▶ Dataset excerpt
= Beginning of Section =

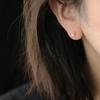925 Sterling Silver Plating 14K Gold Earrings Simulated Pearl Zircon Rabbit Earrings for Women Cute Sweet Jewelry Gift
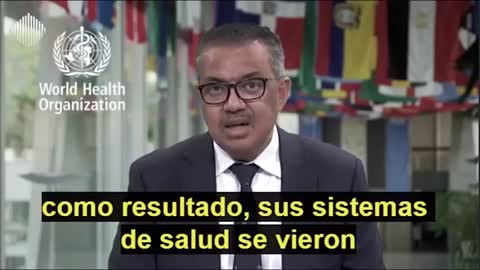 Tedros da OMS está falando que eles controlarão tudo?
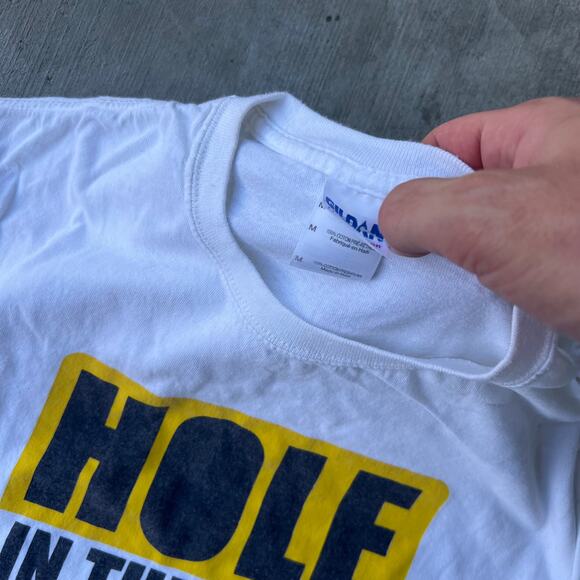 Vintage y2k hole in the wall TV game show white graphic t shirt - Picture 3 of 5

= End of Section =

▶ Task to complete
Restate the data exactly, though only from the line that contains "Tedros da OMS" through its last line, both ends included and with the pictures left out.

▶ Exercise solution
 Tedros da OMS está falando que eles controlarão tudo?
 Vintage y2k hole in the wall TV game show white graphic t shirt - Picture 3 of 5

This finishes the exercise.